Short text fragments from websites:
* * * * * * *

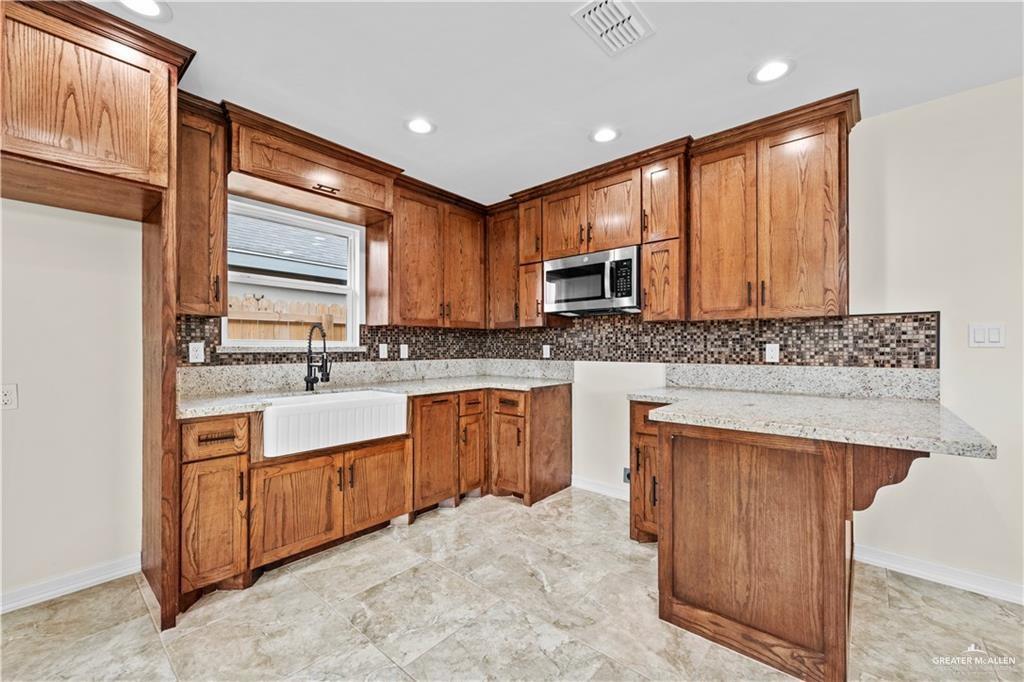 Photo 8 of 617 Tower Oak Drive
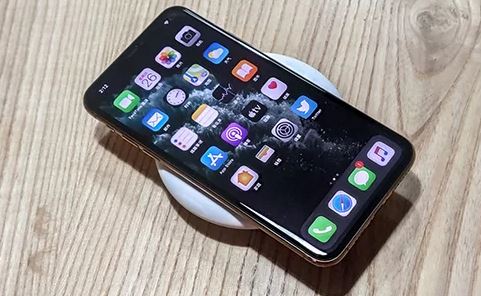 iPhone chạy iOS 13 1 bị giới hạn tốc độ sạc không dây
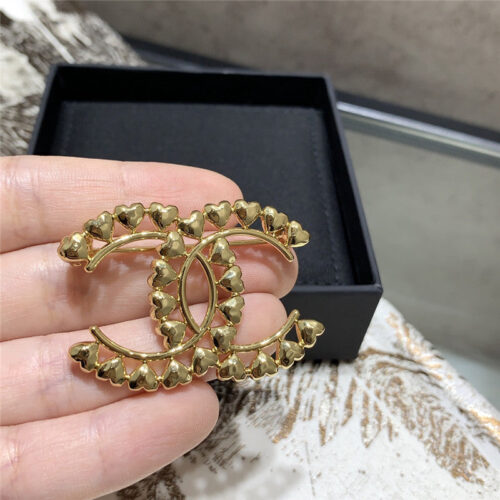 High Quality Luxury Chanel Full Circle Love C Brooch product detail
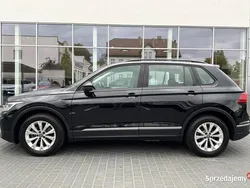 Czarny Używany 2020 VW Tiguan Life SUV | 94 000 zł (Uczciwa cena)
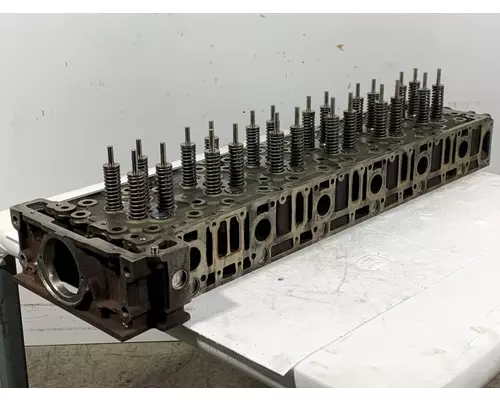 DETROIT DIESEL DD15 Engine Cylinder Head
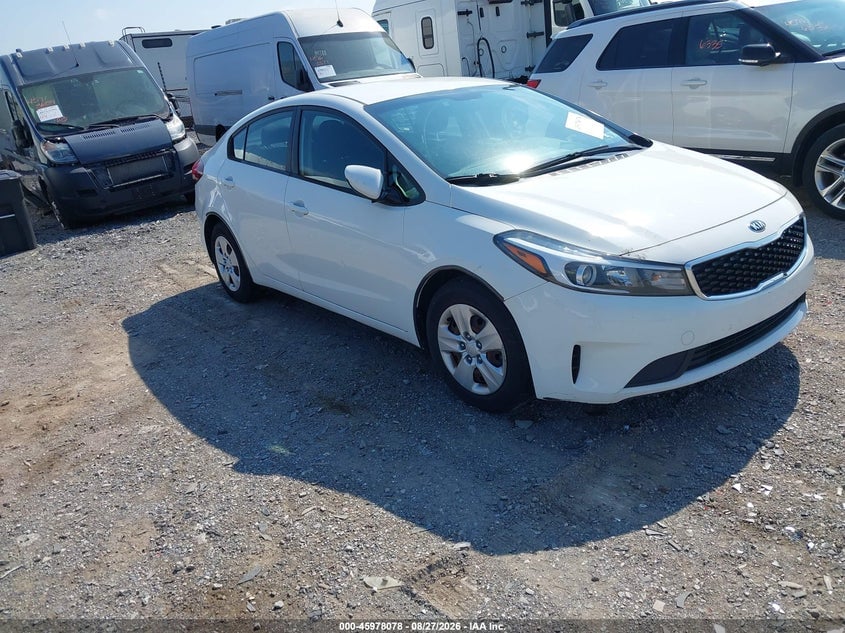 2018 KIA FORTE LX | 3KPFK4A74JE275824 | UPCARS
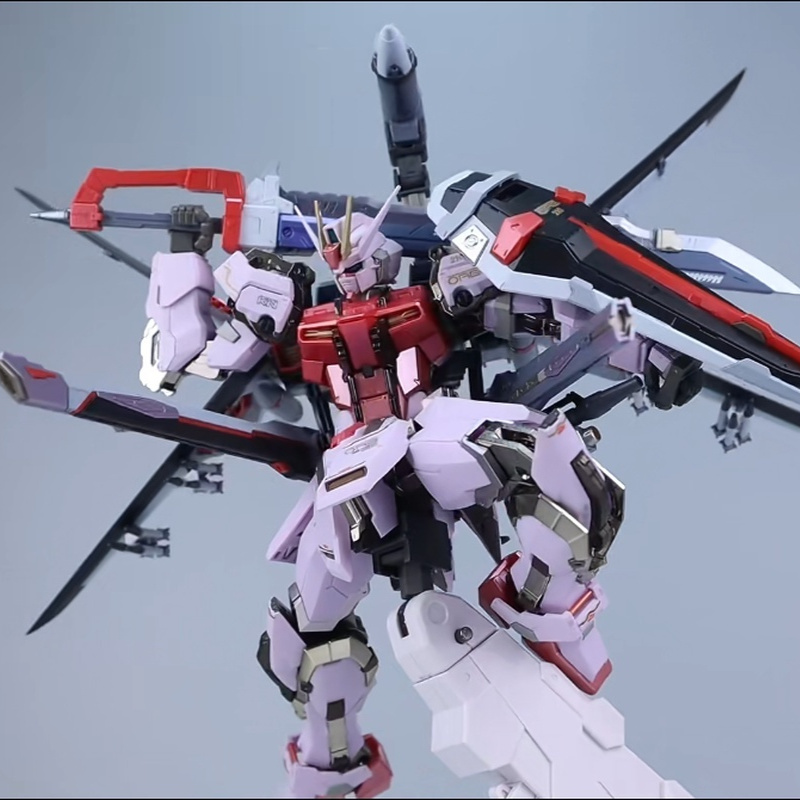 Model Kit Fenrir - In Voorraad 8835 Strike Rouge MG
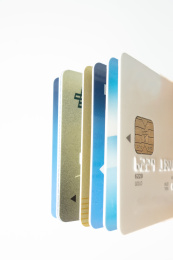 多张银行卡叠放在一起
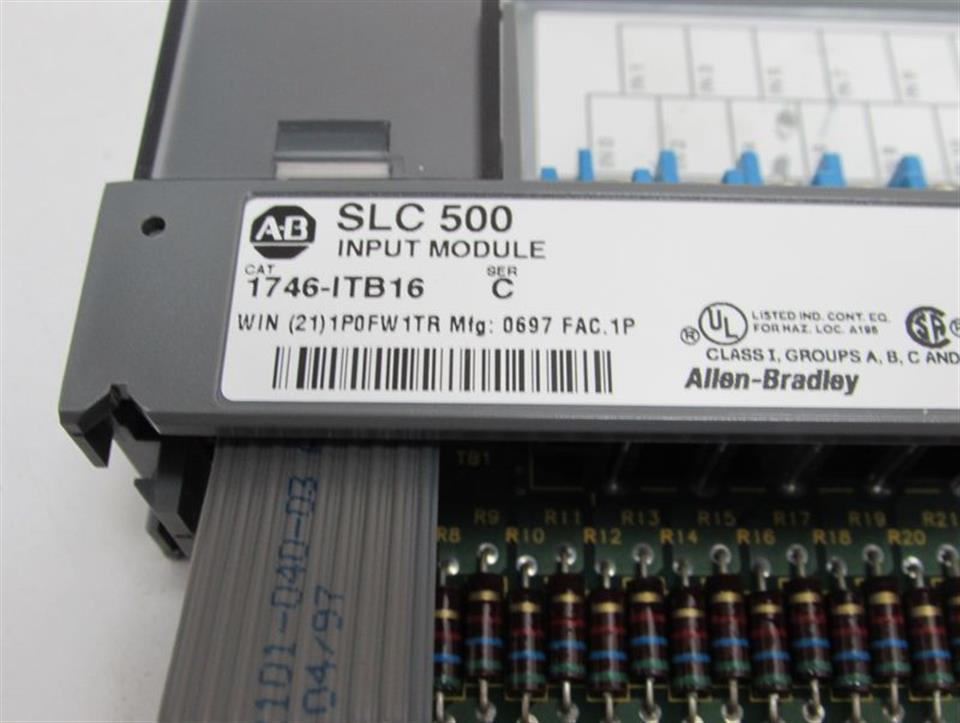 allen-bradley-slc-500-1746-itb16-input-module-ser-c-top-zustand-54318-4.jpg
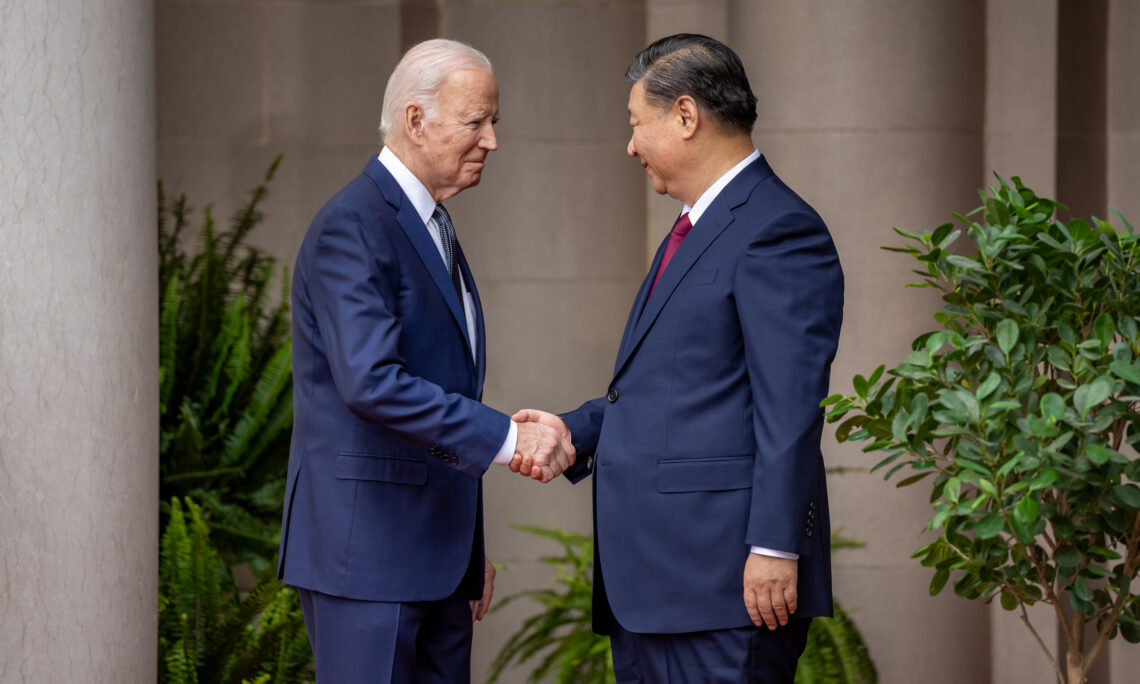 Joe Biden (stânga) și Xi Jinping (dreapta), sursa foto: State Dept. / White House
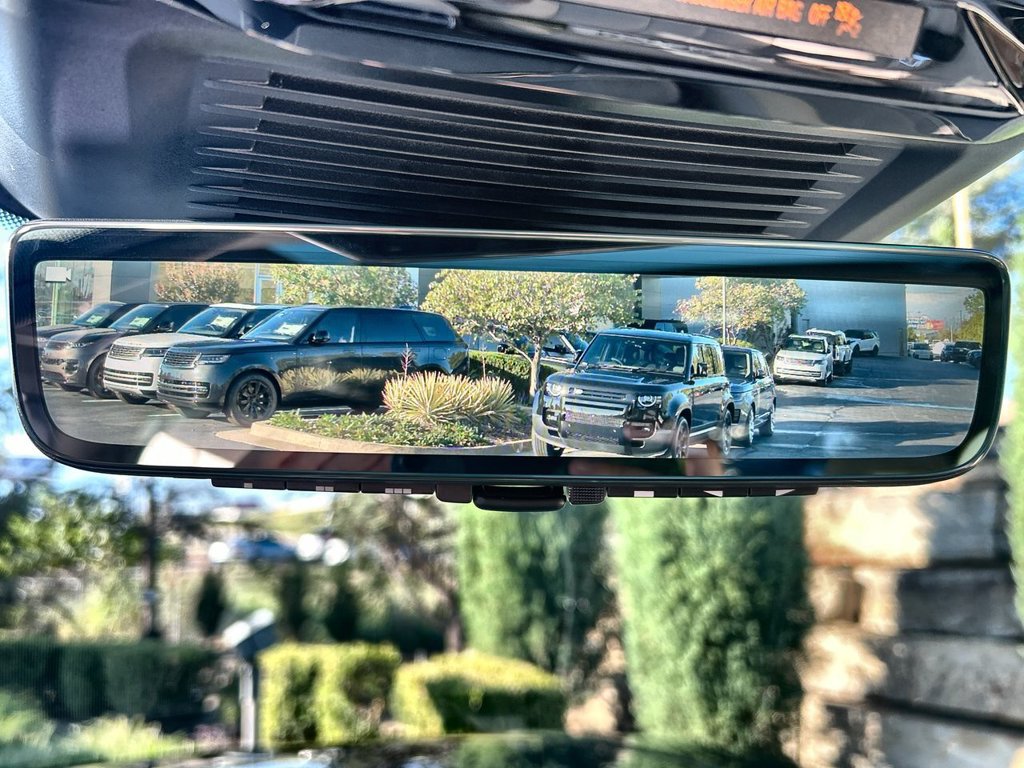 Certified 2025 Land Rover Range Rover SE AWD/4WD image 20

* * * * * * *

WORK ORDER - Transcribe the data exactly, minus any images.

RESPONSE BELOW -
 Photo 8 of 617 Tower Oak Drive
 iPhone chạy iOS 13 1 bị giới hạn tốc độ sạc không dây
 High Quality Luxury Chanel Full Circle Love C Brooch product detail
 Czarny Używany 2020 VW Tiguan Life SUV | 94 000 zł (Uczciwa cena)
 DETROIT DIESEL DD15 Engine Cylinder Head
 2018 KIA FORTE LX | 3KPFK4A74JE275824 | UPCARS
 Model Kit Fenrir - In Voorraad 8835 Strike Rouge MG
 多张银行卡叠放在一起
 allen-bradley-slc-500-1746-itb16-input-module-ser-c-top-zustand-54318-4.jpg
 Joe Biden (stânga) și Xi Jinping (dreapta), sursa foto: State Dept. / White House
 Certified 2025 Land Rover Range Rover SE AWD/4WD image 20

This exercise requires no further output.